The work started well, with items getting picked-up by all team members. We started with weekly ‘stand-up’ (which was done through Skype) meeting, because a daily schedule was considered too intensive, and also feared to be too invasive: there was some fear of micro-management from within the team.

The first couple of meetings surfaced a few issues. Though some stories had been finished, quite a few were stuck in ‘in-progress’. A sure sign something was up! We discussed those stories, and the reasons for the delays. One reason was simply that other things had to be done first. The team was assured that they could always add items to the backlog themselves, as long as the PO was notified so he could prioritise. And it was normal that the day-to-day business would take time, and we’d have to take that into account in determining our velocity.

Another reason for slow progress on stories was that for some of the stories we found that the story was not clearly enough defined. For the PO the large size attributed to these stories by the team had been a surprise during the backlog sizing. He hadn’t wanted to push for a lower estimate, though, since that should be team choice.
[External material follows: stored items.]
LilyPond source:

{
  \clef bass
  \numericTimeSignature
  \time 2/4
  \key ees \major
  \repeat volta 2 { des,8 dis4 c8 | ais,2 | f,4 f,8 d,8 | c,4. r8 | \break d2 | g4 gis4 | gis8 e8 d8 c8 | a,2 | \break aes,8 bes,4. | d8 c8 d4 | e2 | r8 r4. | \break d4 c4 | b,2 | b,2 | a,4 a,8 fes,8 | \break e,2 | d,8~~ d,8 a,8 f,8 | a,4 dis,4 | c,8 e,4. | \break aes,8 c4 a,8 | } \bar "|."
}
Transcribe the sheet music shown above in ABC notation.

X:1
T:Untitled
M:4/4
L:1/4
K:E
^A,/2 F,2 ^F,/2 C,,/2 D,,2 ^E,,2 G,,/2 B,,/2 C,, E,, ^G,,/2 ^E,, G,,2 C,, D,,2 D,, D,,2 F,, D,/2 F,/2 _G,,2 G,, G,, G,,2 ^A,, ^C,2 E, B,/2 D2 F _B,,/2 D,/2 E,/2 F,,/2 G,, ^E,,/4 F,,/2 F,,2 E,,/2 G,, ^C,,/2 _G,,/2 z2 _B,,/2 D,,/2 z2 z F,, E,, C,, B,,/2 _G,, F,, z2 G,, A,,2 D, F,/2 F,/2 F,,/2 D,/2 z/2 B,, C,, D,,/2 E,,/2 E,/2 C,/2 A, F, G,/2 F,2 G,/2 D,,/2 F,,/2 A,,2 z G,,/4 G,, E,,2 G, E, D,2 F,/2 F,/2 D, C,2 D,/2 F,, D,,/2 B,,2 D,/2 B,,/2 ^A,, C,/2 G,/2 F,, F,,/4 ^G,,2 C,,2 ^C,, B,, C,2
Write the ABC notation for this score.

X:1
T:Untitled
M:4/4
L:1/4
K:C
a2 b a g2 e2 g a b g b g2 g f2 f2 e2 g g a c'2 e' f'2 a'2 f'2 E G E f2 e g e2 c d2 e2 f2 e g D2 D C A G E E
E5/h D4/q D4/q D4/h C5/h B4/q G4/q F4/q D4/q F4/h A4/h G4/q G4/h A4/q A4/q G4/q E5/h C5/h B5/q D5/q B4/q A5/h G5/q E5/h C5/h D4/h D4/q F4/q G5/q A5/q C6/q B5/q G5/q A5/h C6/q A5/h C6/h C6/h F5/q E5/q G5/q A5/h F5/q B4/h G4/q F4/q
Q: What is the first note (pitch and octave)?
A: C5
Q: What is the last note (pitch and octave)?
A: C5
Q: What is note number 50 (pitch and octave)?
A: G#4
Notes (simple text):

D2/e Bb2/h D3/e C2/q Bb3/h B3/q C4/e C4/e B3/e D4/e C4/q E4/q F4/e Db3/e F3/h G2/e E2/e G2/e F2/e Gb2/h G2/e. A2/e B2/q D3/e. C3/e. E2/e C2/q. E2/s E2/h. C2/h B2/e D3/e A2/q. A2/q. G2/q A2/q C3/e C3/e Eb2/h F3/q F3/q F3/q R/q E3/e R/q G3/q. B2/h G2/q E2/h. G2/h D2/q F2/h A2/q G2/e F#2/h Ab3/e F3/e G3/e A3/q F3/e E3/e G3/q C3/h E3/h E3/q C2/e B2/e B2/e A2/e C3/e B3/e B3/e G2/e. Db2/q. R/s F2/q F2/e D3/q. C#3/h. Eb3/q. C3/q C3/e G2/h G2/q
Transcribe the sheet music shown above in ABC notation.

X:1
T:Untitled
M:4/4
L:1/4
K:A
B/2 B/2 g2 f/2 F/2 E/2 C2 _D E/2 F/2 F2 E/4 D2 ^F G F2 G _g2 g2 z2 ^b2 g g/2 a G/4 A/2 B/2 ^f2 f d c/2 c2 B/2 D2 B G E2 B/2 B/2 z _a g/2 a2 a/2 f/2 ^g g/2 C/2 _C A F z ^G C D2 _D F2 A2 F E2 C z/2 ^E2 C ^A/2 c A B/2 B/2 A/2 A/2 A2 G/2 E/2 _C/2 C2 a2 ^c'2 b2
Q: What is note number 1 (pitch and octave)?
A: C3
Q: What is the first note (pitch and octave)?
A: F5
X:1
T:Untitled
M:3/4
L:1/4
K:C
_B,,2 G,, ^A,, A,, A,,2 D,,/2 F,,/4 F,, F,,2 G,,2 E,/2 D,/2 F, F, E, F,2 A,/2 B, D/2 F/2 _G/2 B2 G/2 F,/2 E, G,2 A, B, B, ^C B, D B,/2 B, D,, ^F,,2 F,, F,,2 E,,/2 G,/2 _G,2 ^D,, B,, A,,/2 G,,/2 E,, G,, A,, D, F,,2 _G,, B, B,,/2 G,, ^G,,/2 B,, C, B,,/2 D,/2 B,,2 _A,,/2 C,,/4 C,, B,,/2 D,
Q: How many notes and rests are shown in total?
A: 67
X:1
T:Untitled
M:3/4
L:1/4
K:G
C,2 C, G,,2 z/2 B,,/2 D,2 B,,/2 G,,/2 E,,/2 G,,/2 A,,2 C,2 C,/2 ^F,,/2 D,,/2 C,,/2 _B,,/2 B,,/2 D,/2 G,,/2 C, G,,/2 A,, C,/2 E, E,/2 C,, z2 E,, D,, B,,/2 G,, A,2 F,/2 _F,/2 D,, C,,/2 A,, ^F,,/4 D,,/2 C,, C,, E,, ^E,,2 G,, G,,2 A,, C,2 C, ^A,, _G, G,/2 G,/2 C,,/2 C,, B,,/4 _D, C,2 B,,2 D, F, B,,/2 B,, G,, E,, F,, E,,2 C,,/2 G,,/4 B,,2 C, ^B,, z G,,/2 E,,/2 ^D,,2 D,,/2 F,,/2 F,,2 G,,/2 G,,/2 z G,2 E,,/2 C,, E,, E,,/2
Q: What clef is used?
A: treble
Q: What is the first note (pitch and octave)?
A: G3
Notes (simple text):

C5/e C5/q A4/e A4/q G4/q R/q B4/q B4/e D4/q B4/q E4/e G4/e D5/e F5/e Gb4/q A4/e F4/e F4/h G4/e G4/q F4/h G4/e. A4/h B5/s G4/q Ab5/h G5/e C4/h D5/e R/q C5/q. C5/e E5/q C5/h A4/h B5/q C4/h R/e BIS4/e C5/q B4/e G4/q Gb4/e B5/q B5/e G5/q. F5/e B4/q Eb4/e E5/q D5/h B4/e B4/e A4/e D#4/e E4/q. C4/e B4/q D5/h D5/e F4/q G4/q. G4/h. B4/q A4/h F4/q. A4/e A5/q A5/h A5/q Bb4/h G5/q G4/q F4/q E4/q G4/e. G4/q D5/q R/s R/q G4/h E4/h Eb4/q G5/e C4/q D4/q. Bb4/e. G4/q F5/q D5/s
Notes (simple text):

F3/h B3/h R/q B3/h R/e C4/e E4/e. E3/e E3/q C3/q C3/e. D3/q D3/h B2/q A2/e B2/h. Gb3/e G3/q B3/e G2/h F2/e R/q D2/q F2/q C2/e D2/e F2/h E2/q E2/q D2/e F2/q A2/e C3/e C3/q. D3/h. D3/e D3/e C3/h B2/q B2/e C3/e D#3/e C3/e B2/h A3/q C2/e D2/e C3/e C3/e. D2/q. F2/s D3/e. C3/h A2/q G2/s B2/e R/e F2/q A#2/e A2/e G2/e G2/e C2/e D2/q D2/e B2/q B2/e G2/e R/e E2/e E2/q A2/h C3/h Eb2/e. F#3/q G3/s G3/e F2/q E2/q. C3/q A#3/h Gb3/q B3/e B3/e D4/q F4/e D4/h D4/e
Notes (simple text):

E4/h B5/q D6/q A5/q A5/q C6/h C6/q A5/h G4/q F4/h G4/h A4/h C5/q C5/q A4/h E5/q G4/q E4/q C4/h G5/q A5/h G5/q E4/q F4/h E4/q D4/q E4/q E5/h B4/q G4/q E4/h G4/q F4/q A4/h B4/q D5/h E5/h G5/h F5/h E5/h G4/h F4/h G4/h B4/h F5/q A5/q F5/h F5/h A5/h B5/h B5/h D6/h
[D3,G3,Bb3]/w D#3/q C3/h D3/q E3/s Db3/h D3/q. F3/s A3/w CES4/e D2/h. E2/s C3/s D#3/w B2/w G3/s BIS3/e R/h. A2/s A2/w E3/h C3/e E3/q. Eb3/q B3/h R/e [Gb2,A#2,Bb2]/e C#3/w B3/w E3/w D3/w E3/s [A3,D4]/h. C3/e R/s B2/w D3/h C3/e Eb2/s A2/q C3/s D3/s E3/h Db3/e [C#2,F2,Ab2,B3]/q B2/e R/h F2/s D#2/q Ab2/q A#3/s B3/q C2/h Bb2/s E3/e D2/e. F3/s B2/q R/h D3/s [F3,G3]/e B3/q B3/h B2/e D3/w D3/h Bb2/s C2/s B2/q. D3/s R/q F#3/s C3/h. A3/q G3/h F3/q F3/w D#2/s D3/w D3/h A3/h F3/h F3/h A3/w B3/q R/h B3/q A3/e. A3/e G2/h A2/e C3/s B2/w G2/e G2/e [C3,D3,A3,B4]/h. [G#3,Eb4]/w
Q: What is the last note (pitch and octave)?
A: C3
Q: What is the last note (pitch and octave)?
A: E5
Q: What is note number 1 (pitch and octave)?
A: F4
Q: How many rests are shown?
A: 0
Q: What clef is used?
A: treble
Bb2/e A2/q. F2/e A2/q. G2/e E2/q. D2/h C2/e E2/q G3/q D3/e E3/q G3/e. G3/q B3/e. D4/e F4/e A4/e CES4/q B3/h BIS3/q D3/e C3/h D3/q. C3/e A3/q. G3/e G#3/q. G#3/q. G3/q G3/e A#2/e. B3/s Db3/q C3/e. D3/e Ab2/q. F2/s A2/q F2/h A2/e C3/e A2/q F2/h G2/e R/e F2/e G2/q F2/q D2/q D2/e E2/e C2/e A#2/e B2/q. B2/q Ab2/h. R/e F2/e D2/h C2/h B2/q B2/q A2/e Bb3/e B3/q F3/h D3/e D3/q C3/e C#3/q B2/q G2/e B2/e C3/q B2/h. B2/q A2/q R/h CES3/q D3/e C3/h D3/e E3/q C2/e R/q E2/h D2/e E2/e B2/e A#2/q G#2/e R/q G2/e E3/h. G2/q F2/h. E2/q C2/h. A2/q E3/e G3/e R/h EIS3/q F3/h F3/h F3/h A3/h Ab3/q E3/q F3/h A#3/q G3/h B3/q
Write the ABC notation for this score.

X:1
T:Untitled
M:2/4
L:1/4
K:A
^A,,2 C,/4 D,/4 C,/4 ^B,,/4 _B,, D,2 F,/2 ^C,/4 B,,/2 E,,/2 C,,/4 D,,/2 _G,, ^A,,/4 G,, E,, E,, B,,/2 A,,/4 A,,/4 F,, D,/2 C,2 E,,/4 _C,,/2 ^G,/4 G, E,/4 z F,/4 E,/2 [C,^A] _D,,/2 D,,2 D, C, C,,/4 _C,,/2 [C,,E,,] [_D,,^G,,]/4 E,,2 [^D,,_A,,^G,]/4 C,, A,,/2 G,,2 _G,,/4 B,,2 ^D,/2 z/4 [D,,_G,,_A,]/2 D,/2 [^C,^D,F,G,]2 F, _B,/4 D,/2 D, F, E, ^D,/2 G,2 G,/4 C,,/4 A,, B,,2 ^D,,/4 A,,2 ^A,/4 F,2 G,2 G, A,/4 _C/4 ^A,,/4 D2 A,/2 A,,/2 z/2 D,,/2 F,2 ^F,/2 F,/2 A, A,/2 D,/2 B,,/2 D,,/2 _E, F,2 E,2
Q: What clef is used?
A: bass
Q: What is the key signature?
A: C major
This issue was solved by the PO pairing-up with the team member to formulate an outline together (of the document this story was about), which automatically lead to a good way to split-up the user story, after which the team could continue autonomously.

As you can see from the above, we encountered a number of (fairly familiar) issues while working on the first sprint. So when we held our first retrospective meeting, we already had some improvements made.

The major points that came out of the retro were a wish of more mutual transparency: the members of the team wanted to have more information on what the others were doing, and how far items had progressed. To accommodate this, we resolved to start with a daily stand-up, to make sure items were actually moved on the pivitol board as soon as they were finished, and to split-up work in smaller increments.

With the second sprint in progress, and some good results already, we are quite happy with the way Scrum is turning out for the team. We are having mostly good results, with more progress being made on strategic projects, and more visibility (and appreciation) for local issues. The team was particularly struck with the fact that with the new levels of transparency and communication, even given their the different areas of expertise, it has become easy and normal for them to pick up parts of each other’s work regularly.